Your instructions -
Beginning with the line containing "Wall light Ecom" and ending at the last line of the records, transcribe each line exactly. Do not include pictures.

START Task input

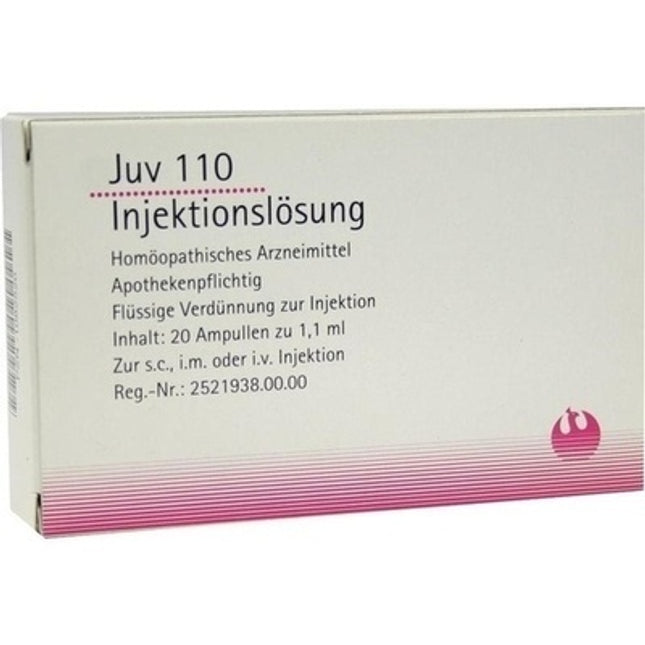 Box of Juv 110 Injektionslösung with text on a white background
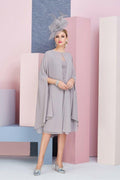Grey 2-Piece Mother of the Bride Dress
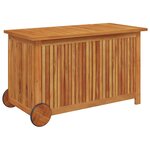 vidaXL Boîte de rangement de jardin avec roues 90x50x58 cm Bois acacia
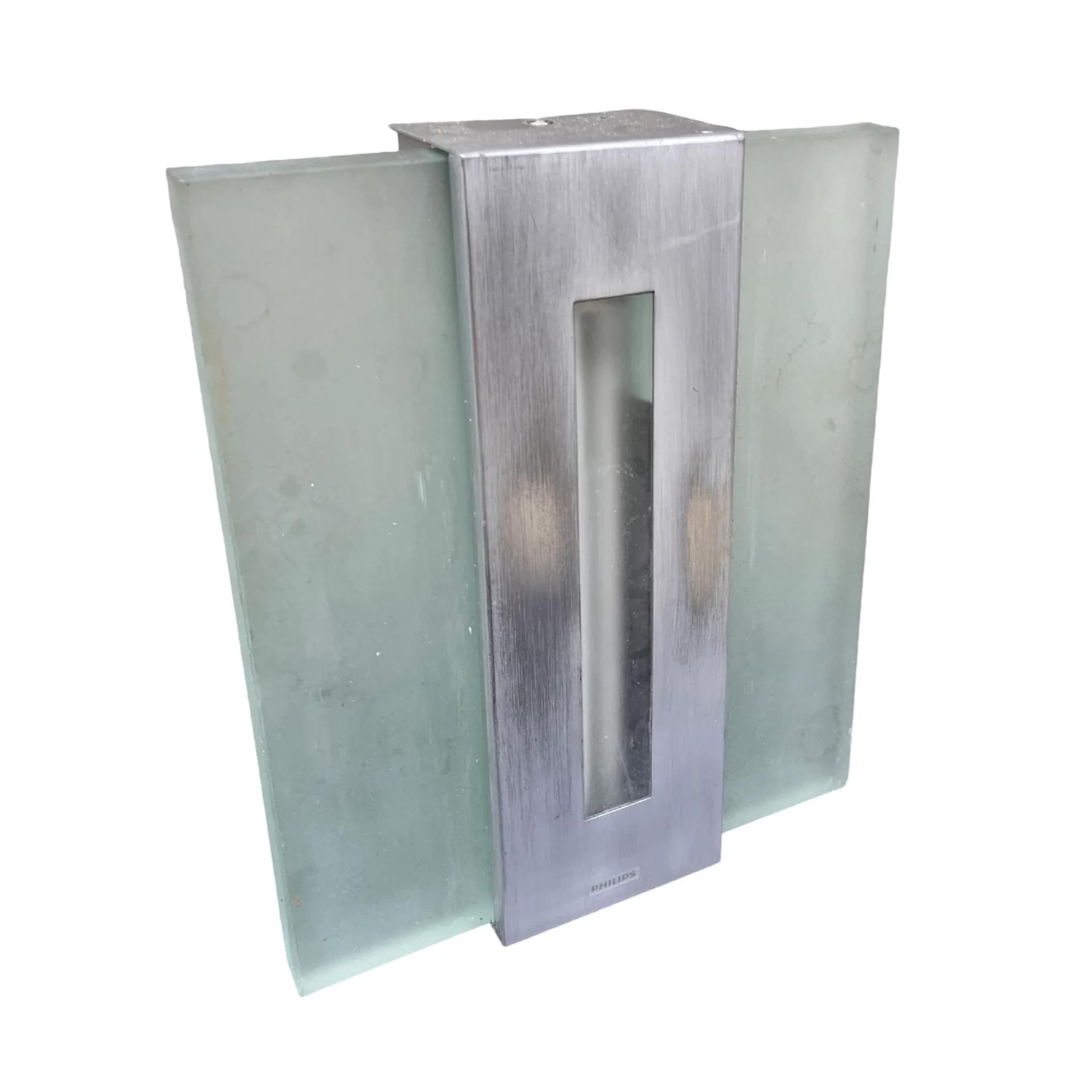 Wall light Ecom Northwoods, white glass, silver aluminium, Philips, Germany - 126716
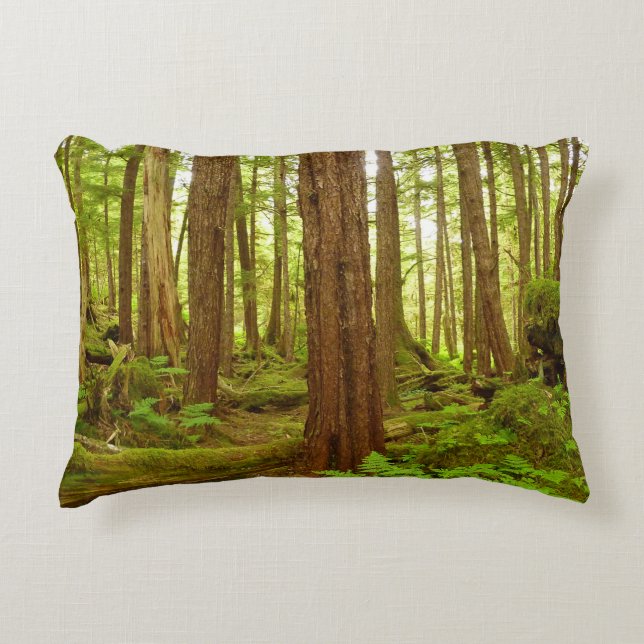Alaskan Temperate Rainforest Dekokissen (Vorderseite)
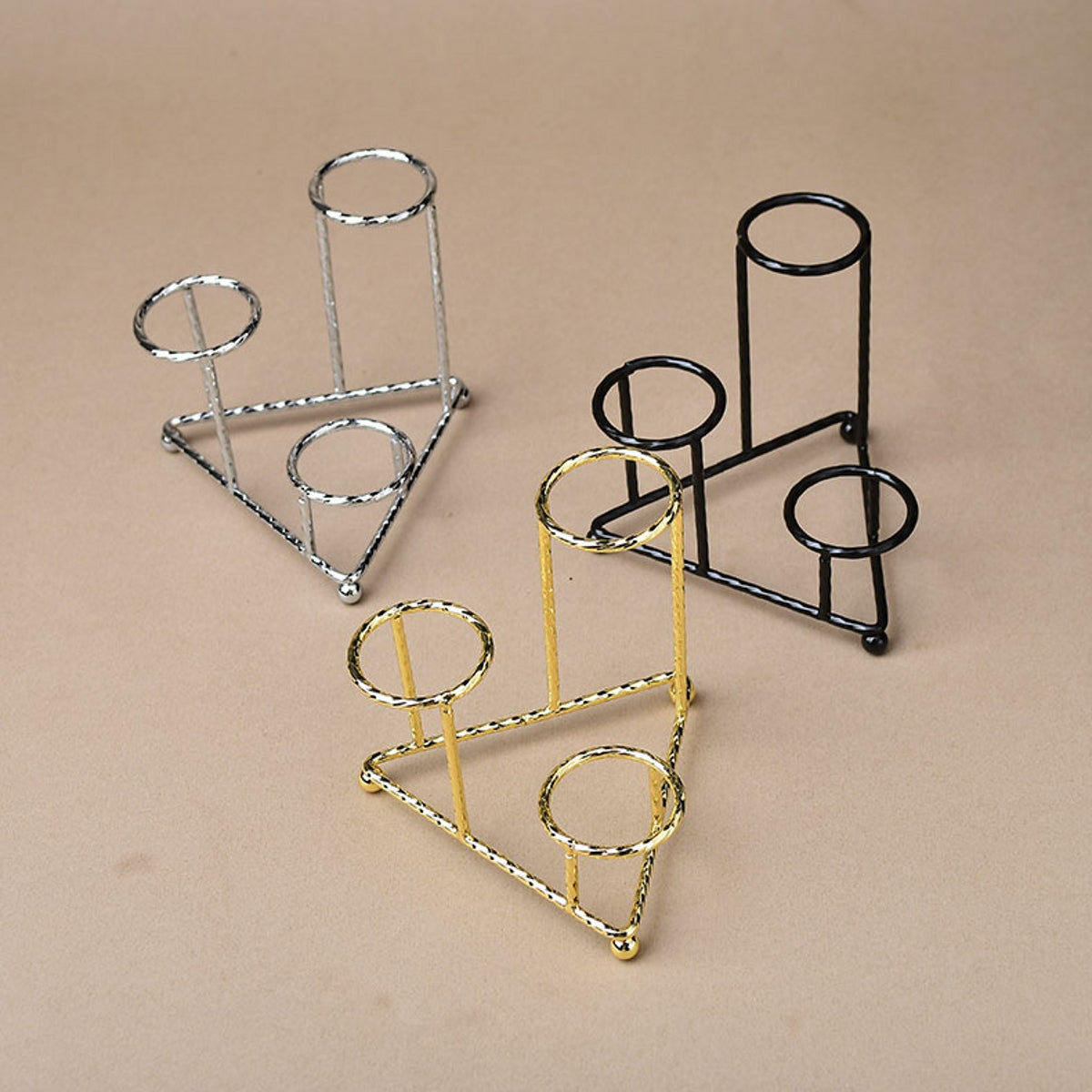 3 Sphere Creative Metal Feng Shui Stand Sphere Holders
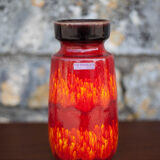 West Germany 242/22 ceramic vase, decorative vase, flower pot, fat lava, red vase, collection,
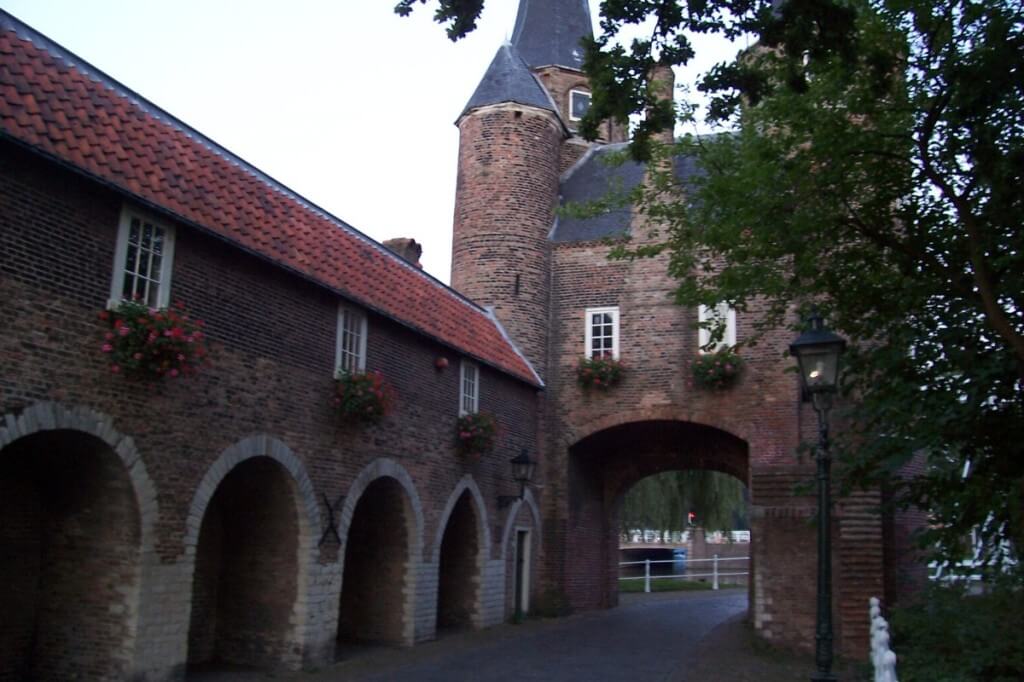 Oostpoort, eastern gate, delft, netherlands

END Task input

Response to the task -
 Wall light Ecom Northwoods, white glass, silver aluminium, Philips, Germany - 126716
Alaskan Temperate Rainforest Dekokissen (Vorderseite)
 3 Sphere Creative Metal Feng Shui Stand Sphere Holders
 West Germany 242/22 ceramic vase, decorative vase, flower pot, fat lava, red vase, collection,
 Oostpoort, eastern gate, delft, netherlands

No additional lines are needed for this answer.